There are a couple outcomes of these ratings, but essentially they are useful for predicting what is going to happen when two rated teams compete. Those predictions can be used to flight tournaments, choose proper league brackets, or as a fun prediction for how an upcoming weekend may be expected to play out. Now these predictions are never going to be 100% accurate (right every time), or 0% accurate (wrong every time); but the better the data, and the better the algorithm, the better quality the predictions can be. For definitions, Mark uses "predictive power" to state these same concepts. 0% predictive power means a coin flip (getting no better than 50% correct). 100% predictive power = god. You can convert predictiveness to the % of results correctly predicted by dividing by 2 and adding 50%. So 70% predictive power would translate to getting 85% of predictions correct. In all of these trials correct is defined as picking the correct winner, for games that result in a winner. If the wrong winner is chosen, it's a failure. Tie game results are excluded from these predictivity results.

With this setup, predictivity of the app isn't an estimate or a guess - it's a specific number that can be calculated as often as desired. Run through all the stored games in the database right now, and compare the predicted results using the comparative ratings, and the actual game results, and divide the correct predictions over all of the games being predicted, and 1 number gets spit out. Turns out this number, as of today, is 66.7% predictive over all games, which translates into picking the correct winner of the soccer game 83.35% of the time. So as expected, it's way better than a coin flip, and will pick the right winner about 5 out of 6 times. This predictive number is a validation that the ratings derived from the algorithm themselves have a certain level of accuracy. If the ratings were wildly inaccurate, the predictive number would trend to 0%; if the ratings were supernatural, the predictive number would trend to 100%. But by any measure, the real, provable, actual predictivity number is pretty darned good (and better than a well known other ranking system by more than 50 points, it's insane). For any skeptics that doubt that youth soccer can be ranked/rated, or even skeptics of this particular algorithm / ranking system, the predictivity number is what mathematically shows the expected probability - and it's an admirable number.

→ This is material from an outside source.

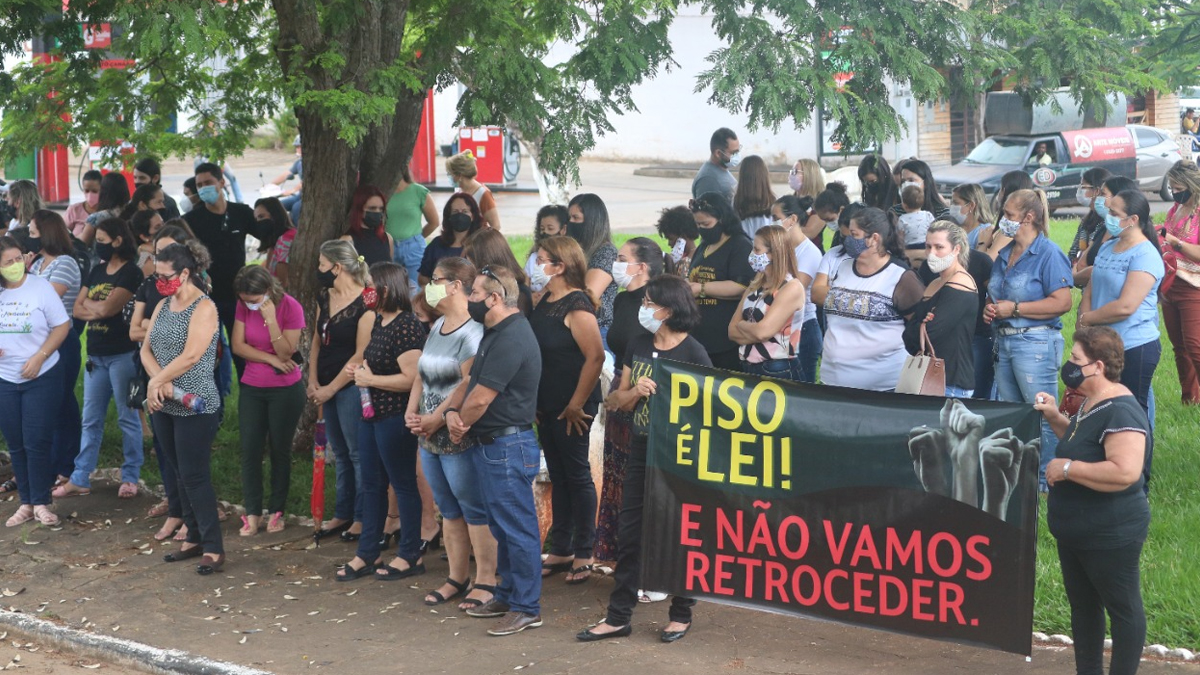 Professores de Goianira fazem paralisação por piso nacional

But that still isn't the interesting discovery. Here comes the interesting discovery. There is an intuition, even by proponents of this type of comparative ranking that uses goal differences, that the quality of the data (and the predictions) depends on how close the compared teams are to each other, and how many expected shared opponents they have. The more interplay, the better - the less interplay, the more drift. I believed that to be the case, as it seems reasonable. For example, if teams are in the same league, or same conference, or even same state; they play each other enough, that their comparative ratings will be honed and sharpened by each other, and would have a higher predictive value. And conversely, if you're comparing teams that are not in the same league, same location, may have never seen each other before, and have few if any common opponents - it makes intuitive sense that their comparative ratings would drift a bit more, and would be somewhat less accurate. Remember, this actual predictivity, this quality of each prediction, can be calculated by looking at the existing data for games that would fit into this category.

So what I suggested to Mark - and to be fair, he had also thought of himself within the past few days as well - was that he should exclude all in-state games, and measure the predictivity of interstate games exclusively. CA teams playing AZ, TX playing OK, or any other permutation in the country where the opposing teams are in different states. What this would do, is measure how good the predictions are, when there is very little shared information going into the upcoming game. Interplay is low. This represents what happens when you go to a big tournament elsewhere, as opposed to predicting what will happen with a local league game. He coded the query, ran the data, and a few hours later the number was spat out. And it turns out that for these interstate games, the algorithm is 67.0% predictive, which translates into picking the correct winner of the soccer game 83.5% of the time. So all of the intuitive worry about drift, or more local data being more refined than less remote data, turned out to be a false intuition. The comparative ratings, when used even across different states, provide just as good (and in fact a teensy bit better) predictions as when they are applied to local / in-league contests. If a team has sufficient data to be rated, that rating can be trusted regardless of extensive interplay or not. It's an incredible finding, and it validates all of the work and effort Mark and his team have done over the years to polish and refine the algorithm, tying game data to a useful rating.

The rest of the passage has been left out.